27 de julio de 2011

cosas de chicas



la semana pasada me presentaron a una de esas mujeres que cuando llegan a la oficina a primera hora de la mañana parece que llevan levantadas tres horas y que además te las imaginas desayunando con la mesa puesta a la vez que leen la prensa (no en modo de pie en la cocina y teniendo especial cuidado de no morirse atragantada por culpa de una tostada demasiado hecha) y suelen pertenecer a esa especie de la que aunque hayan estado colgadas del teléfono toda la mañana (trabajando), sin parar de contestar correos (resolviendo), hayan asistido a 2 reuniones (tomando notas) a las ocho de la tarde siguen teniendo la cara y el maquillaje perfectos, el pelo impecablemente peinado, los tacones de diez centímentros todavía puestos (sin cojear, ni nada) y una sonrisa de oreja a oreja...
¿Pero cómo lo hacen? me parece imposible estar diez horas encima de unos tacones y que no se refleje el sufrimiento en la cara, igual que  la capacidad de estar peinada todo el dia con la misma precisión que si Marco Aldany fuese su compañero de cruceta ("déjame que te arregle ese mechón rebelde, reina"), seguir teniendo buen color y ni rastro de ojeras, el rimel en las pestañas que es en dónde tiene que estar y no repartido por la cara a modo de jersey mil rayas...
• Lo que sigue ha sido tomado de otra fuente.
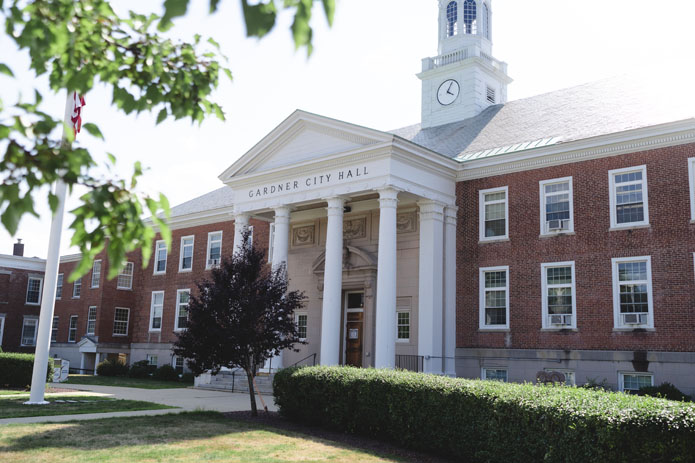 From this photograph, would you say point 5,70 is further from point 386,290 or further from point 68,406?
point 386,290

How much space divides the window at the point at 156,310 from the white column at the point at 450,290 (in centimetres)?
2053

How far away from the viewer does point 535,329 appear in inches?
931

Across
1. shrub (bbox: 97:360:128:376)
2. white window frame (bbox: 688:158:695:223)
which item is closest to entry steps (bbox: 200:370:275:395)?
shrub (bbox: 97:360:128:376)

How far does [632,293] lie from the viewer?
21.9 meters

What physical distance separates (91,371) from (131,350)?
335 cm

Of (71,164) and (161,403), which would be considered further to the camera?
(161,403)

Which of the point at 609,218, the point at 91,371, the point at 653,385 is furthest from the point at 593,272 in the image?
the point at 91,371

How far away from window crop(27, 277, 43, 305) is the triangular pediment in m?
Result: 29.3

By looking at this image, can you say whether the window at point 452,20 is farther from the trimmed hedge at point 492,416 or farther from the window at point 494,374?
the trimmed hedge at point 492,416

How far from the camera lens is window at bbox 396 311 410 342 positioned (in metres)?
26.7

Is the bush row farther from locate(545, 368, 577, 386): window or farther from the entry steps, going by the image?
locate(545, 368, 577, 386): window

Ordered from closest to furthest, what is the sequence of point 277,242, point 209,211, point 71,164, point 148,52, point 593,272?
point 71,164 → point 148,52 → point 593,272 → point 277,242 → point 209,211

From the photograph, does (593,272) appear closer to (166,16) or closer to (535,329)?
(535,329)

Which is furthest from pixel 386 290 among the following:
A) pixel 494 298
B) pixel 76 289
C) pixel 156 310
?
pixel 76 289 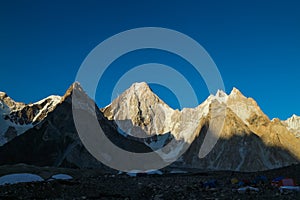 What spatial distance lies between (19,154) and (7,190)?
149 m

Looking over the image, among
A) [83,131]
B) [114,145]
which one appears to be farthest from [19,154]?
[114,145]

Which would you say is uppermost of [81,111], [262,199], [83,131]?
[81,111]

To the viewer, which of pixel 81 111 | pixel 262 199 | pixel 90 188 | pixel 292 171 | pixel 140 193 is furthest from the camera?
pixel 81 111

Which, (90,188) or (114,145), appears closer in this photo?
(90,188)

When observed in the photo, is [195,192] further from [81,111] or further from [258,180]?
[81,111]

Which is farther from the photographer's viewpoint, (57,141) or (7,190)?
(57,141)

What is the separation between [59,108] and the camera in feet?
611

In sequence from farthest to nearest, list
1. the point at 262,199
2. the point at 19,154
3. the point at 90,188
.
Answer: the point at 19,154
the point at 90,188
the point at 262,199

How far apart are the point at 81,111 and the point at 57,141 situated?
2728 centimetres

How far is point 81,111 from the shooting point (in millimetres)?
189000

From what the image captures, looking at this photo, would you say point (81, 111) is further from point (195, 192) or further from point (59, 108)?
point (195, 192)

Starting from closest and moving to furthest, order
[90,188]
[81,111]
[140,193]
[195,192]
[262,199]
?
[262,199], [195,192], [140,193], [90,188], [81,111]

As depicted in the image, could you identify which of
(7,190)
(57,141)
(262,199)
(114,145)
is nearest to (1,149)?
(57,141)

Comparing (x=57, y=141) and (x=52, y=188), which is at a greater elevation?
(x=57, y=141) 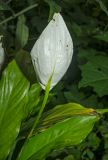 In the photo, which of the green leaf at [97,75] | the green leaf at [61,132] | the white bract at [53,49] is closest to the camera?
the white bract at [53,49]

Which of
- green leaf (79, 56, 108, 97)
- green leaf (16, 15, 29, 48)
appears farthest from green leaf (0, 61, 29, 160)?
green leaf (79, 56, 108, 97)

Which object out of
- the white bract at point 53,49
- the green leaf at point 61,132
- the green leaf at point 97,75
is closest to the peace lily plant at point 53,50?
the white bract at point 53,49

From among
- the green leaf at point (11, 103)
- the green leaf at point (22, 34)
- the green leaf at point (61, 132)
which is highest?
the green leaf at point (22, 34)

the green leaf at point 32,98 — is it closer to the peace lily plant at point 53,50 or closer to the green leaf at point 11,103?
the green leaf at point 11,103

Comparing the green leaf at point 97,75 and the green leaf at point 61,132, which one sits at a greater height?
the green leaf at point 61,132

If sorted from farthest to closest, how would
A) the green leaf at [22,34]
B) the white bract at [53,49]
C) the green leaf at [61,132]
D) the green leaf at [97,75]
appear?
the green leaf at [97,75] < the green leaf at [22,34] < the green leaf at [61,132] < the white bract at [53,49]

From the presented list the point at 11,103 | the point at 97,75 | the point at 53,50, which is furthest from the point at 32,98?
the point at 97,75

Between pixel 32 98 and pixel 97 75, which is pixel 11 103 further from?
pixel 97 75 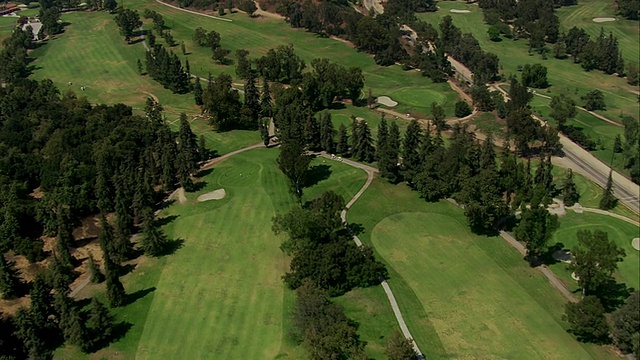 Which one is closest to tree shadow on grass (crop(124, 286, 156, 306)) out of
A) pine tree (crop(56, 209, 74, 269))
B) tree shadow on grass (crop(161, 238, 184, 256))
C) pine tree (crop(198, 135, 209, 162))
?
tree shadow on grass (crop(161, 238, 184, 256))

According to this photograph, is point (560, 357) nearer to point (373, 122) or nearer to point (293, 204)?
point (293, 204)

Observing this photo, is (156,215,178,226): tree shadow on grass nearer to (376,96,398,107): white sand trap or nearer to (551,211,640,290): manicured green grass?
(551,211,640,290): manicured green grass

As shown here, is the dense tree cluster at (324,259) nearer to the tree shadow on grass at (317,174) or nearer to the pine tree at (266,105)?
the tree shadow on grass at (317,174)

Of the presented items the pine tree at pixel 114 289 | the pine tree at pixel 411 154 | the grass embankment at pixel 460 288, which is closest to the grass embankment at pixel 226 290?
the pine tree at pixel 114 289

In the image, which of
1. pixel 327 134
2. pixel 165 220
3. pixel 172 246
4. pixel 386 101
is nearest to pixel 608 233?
pixel 327 134

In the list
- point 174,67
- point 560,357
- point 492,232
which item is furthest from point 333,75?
point 560,357

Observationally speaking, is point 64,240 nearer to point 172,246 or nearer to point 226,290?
point 172,246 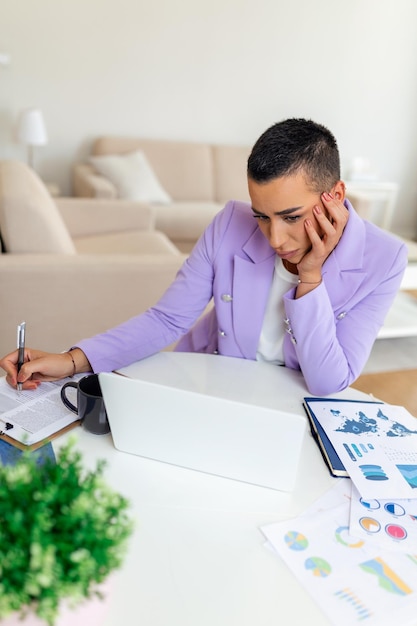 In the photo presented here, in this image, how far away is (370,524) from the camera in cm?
82

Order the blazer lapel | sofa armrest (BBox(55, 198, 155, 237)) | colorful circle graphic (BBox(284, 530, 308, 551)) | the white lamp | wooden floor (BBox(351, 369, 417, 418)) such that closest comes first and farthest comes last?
colorful circle graphic (BBox(284, 530, 308, 551)) → the blazer lapel → wooden floor (BBox(351, 369, 417, 418)) → sofa armrest (BBox(55, 198, 155, 237)) → the white lamp

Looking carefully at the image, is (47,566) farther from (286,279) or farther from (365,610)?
(286,279)

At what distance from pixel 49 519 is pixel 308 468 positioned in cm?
55

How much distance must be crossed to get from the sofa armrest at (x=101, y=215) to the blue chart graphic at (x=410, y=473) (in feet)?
8.65

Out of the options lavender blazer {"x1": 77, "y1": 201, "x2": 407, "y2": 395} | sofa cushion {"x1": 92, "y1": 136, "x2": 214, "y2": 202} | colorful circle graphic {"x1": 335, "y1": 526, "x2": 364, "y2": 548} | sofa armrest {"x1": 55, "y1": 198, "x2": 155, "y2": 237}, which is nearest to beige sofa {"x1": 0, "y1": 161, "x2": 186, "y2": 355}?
A: lavender blazer {"x1": 77, "y1": 201, "x2": 407, "y2": 395}

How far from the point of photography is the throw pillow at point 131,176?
3992 millimetres

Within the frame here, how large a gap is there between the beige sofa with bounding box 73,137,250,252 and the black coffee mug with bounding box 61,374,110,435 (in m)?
2.93

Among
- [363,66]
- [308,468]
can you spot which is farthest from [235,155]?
[308,468]

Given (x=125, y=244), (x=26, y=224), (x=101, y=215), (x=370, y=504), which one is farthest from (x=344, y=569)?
(x=101, y=215)

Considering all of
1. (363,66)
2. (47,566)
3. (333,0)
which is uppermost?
(333,0)

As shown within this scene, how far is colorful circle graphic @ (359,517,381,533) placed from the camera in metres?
0.81

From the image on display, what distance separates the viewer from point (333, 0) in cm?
461

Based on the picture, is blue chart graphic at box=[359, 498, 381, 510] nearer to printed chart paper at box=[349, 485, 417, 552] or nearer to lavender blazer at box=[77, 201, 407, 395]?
printed chart paper at box=[349, 485, 417, 552]

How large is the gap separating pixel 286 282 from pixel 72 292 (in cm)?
103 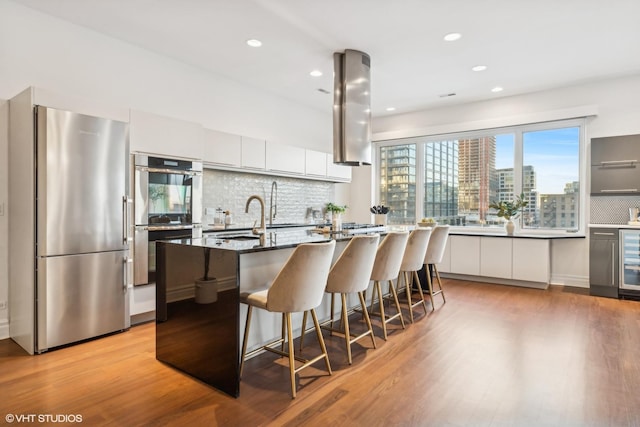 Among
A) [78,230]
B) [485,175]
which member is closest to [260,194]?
[78,230]

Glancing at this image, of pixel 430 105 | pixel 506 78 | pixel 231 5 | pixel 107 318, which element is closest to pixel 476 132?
pixel 430 105

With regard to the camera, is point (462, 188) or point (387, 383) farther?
point (462, 188)

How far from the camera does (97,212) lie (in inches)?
126

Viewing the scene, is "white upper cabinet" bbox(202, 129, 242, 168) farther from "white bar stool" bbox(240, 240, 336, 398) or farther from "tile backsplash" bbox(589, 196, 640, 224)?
"tile backsplash" bbox(589, 196, 640, 224)

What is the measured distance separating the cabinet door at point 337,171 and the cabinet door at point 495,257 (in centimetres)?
259

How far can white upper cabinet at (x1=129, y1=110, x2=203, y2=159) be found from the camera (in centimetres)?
357

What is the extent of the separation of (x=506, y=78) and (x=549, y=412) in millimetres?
4344

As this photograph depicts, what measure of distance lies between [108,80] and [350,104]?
2.55 m

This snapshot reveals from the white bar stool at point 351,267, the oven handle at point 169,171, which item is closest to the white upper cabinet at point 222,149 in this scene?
the oven handle at point 169,171

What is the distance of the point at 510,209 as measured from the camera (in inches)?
227

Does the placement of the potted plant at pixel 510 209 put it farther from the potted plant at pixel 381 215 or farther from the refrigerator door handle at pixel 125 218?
the refrigerator door handle at pixel 125 218

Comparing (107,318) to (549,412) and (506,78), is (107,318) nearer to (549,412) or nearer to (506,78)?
(549,412)

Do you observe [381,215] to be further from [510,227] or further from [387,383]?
[387,383]

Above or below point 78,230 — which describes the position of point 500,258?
below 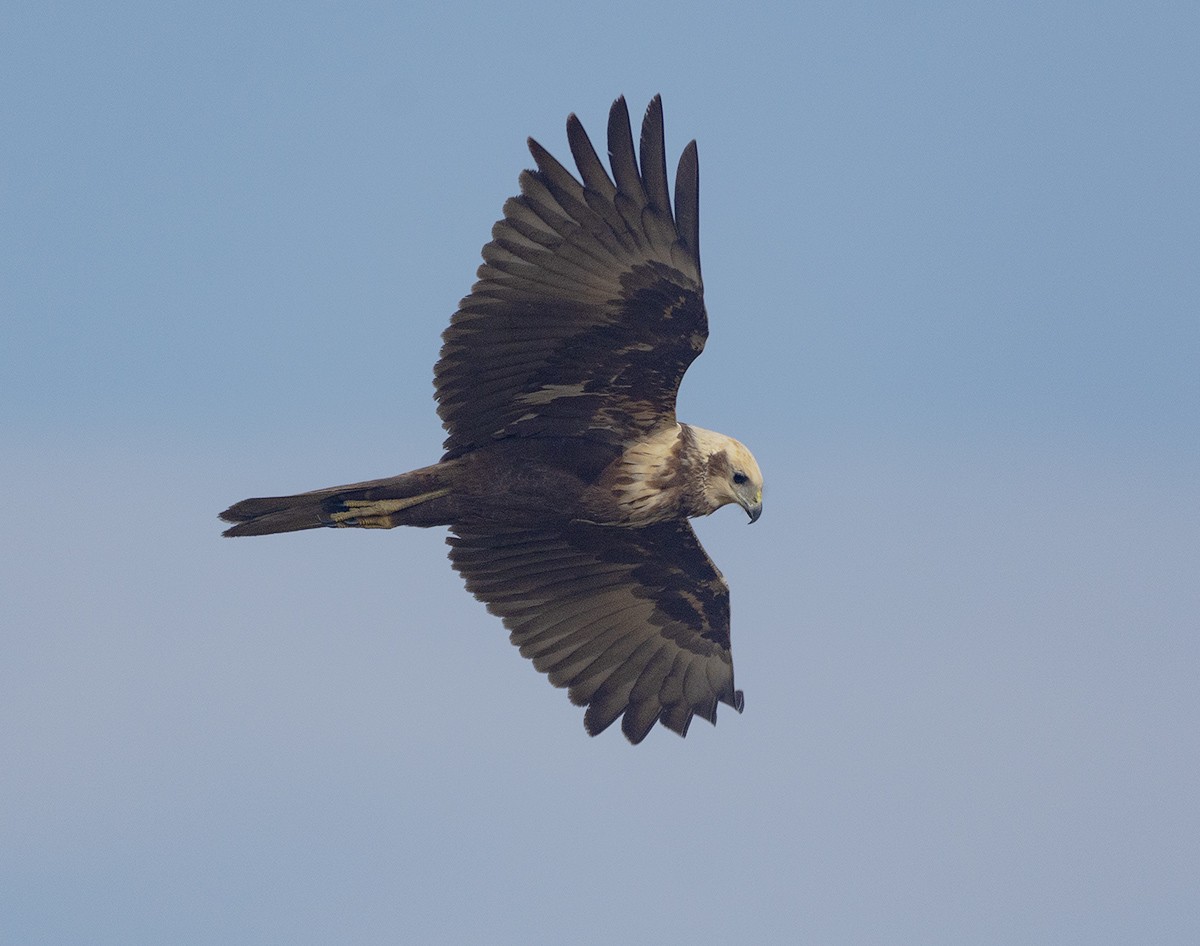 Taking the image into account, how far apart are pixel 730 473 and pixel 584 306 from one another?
1618 mm

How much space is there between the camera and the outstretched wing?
39.7 feet

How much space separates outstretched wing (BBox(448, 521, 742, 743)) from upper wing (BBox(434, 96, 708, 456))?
128 cm

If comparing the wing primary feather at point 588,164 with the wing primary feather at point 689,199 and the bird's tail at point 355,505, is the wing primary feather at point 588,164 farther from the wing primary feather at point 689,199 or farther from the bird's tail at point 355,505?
the bird's tail at point 355,505

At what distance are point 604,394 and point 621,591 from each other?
1924mm

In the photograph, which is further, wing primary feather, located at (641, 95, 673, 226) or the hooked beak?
the hooked beak

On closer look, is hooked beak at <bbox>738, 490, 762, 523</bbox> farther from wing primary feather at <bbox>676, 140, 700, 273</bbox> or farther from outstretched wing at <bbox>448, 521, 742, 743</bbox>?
wing primary feather at <bbox>676, 140, 700, 273</bbox>

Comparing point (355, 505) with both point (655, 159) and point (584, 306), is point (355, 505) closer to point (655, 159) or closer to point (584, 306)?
point (584, 306)

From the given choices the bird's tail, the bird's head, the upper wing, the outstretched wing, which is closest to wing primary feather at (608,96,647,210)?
the upper wing

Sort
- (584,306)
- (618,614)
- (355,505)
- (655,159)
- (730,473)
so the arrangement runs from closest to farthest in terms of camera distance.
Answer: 1. (655,159)
2. (584,306)
3. (355,505)
4. (730,473)
5. (618,614)

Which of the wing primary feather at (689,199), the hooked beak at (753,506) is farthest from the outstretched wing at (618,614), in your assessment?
the wing primary feather at (689,199)

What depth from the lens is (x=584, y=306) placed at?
10.5 metres

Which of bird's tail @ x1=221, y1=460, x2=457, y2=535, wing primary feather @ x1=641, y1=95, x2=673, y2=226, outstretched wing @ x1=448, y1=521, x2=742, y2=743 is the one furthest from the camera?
outstretched wing @ x1=448, y1=521, x2=742, y2=743

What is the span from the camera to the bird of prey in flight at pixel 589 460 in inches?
404

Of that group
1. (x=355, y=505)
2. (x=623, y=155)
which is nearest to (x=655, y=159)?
(x=623, y=155)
Así que al día siguiente me planté en la oficina mucho más arreglada que lo que venía siendo habitual últimamente,  y se extrañaron tanto al verme que me preguntaron si iba a algún sitio y como los aprecio mucho (tengo la suerte de tener muy buena gente a mi alrededor) les dije la verdad: " me he dado cuenta que últimamente me he abandonado un poco con respecto a mi imagen profesional, así que a partir de ahora voy a venir mucho más arreglada"... a ver cuánto me dura la intención...

P.D. La foto es cortesia del Sr. Louboutin, forma parte de su colección de primavera - verano 2011, me la he descargado de su web, que por cierto, vale la pena visitarla, es genial!!!